Sadly, there isn't any logging here to make this easy. It might be something as simple as an IPv6 address being used instead. You could try to add the following to HBASE_MASTER_OPTS and HBASE_REGIONSERVER_OPTS in hbase-env.sh:
-Djava.net.preferIPv4Stack=true
I don't have another suggestion off the top of my head..
Created 02-08-2017 05:36 AM
Thanks @
I going to disable IPV6 on OS level and I'll try the -Djava.net.preferIPv4Stack=true
as well. One thing though, you say
e.g. for "10.0.0.1", generate "1.0.0.10.in-addr.arpa" , the way I understand the rDNS lookup is that it will swap the 1st 2 and the last 2, IE 192.168.1.101 will be 168.192.101.1, see my DNS entries below, I'm thinking that if the resolve is like
"10.0.0.1", generate "1.0.0.10.in-addr.arpa" , my entries will not be "hit" and that might be the problem?

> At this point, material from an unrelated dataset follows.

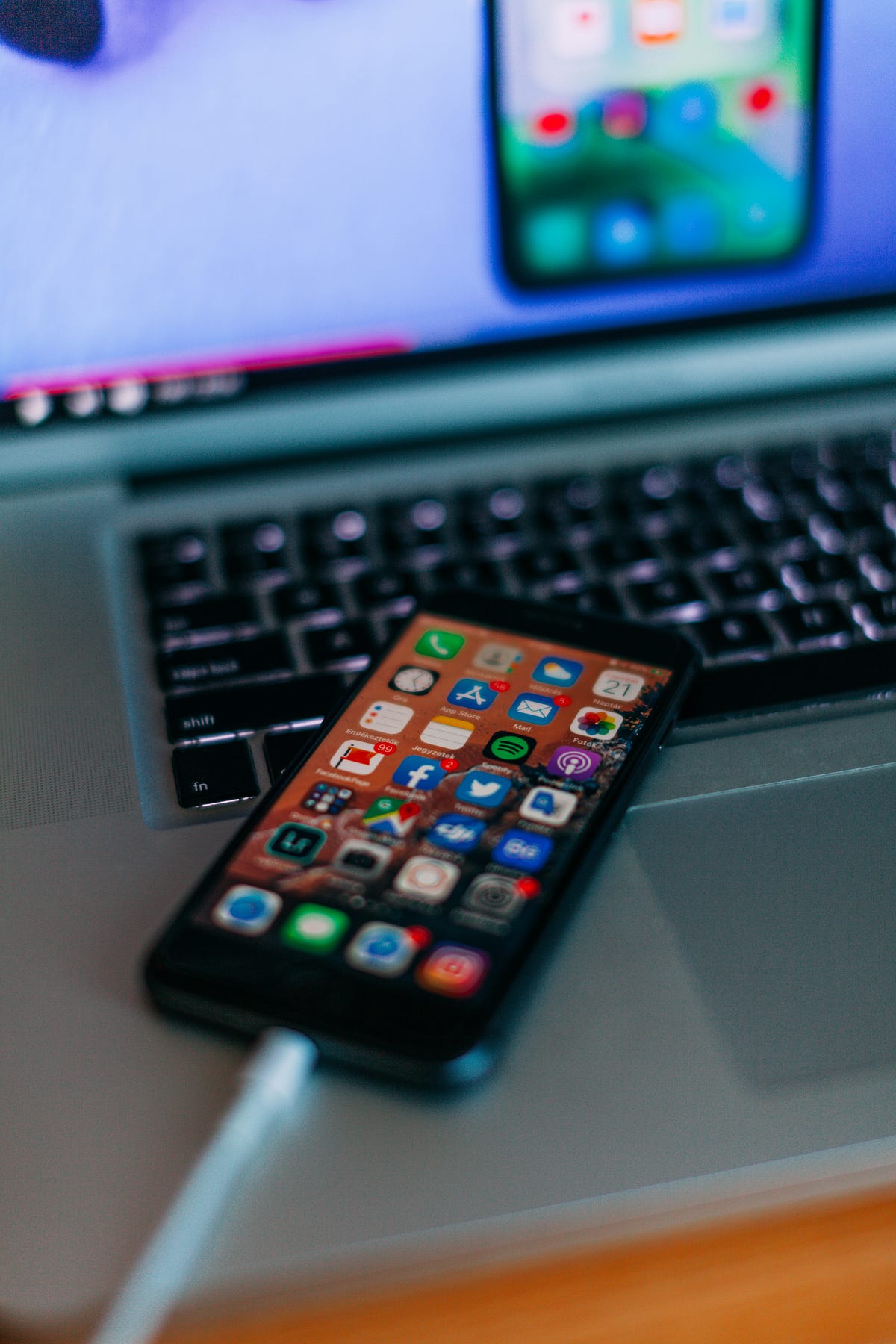 How to run AI models locally in a mobile device with React Native and Tensorflow.js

zone "168.192.in-addr.arpa" { type master; file "/etc/named/zones/db.192.168"; # 192.168.1 subnet };
[root@server01 zones]# cat db.192.168 $TTL 604800 @ IN SOA server01int.xxxx.com. admin.xxxx.com. ( 3 ; Serial 604800 ; Refresh 86400 ; Retry 2419200 ; Expire 604800 ) ; Negative Cache TTL ; name servers - NS records IN NS server01int.xxxx.com. IN NS server02int.xxxx.com. ; PTR Records 101.1 IN PTR server01int.xxxx.com. ; 192.168.1.101 102.1 IN PTR server02int.xxxx.com. ; 192.168.1.102 103.1 IN PTR server03int.xxxx.com. ; 192.168.1.103 104.1 IN PTR server04int.xxxx.com. ; 192.168.1.104 105.1 IN PTR server05int.xxxx.com. ; 192.168.1.105 106.1 IN PTR server06int.xxxx.com. ; 192.168.1.106 [root@server01 zones]#
Created 02-08-2017 08:31 AM
Hi @
I made the changes on the OS disabling the IPV6 and that seems to have done the trick, thanks so much for the suggestion[root@server02 ~]# vi /etc/sysctl.conf [root@server02 ~]# sysctl -p net.ipv4.tcp_keepalive_time = 300 net.ipv4.ip_local_port_range = 1024 65000 fs.file-max = 64000 net.ipv6.conf.all.disable_ipv6 = 1 net.ipv6.conf.default.disable_ipv6 = 1 [root@server02 ~]# systemctl restart network [root@server02 ~]#
Created 02-08-2017 04:05 PM
Great. Glad you got to the bottom of it!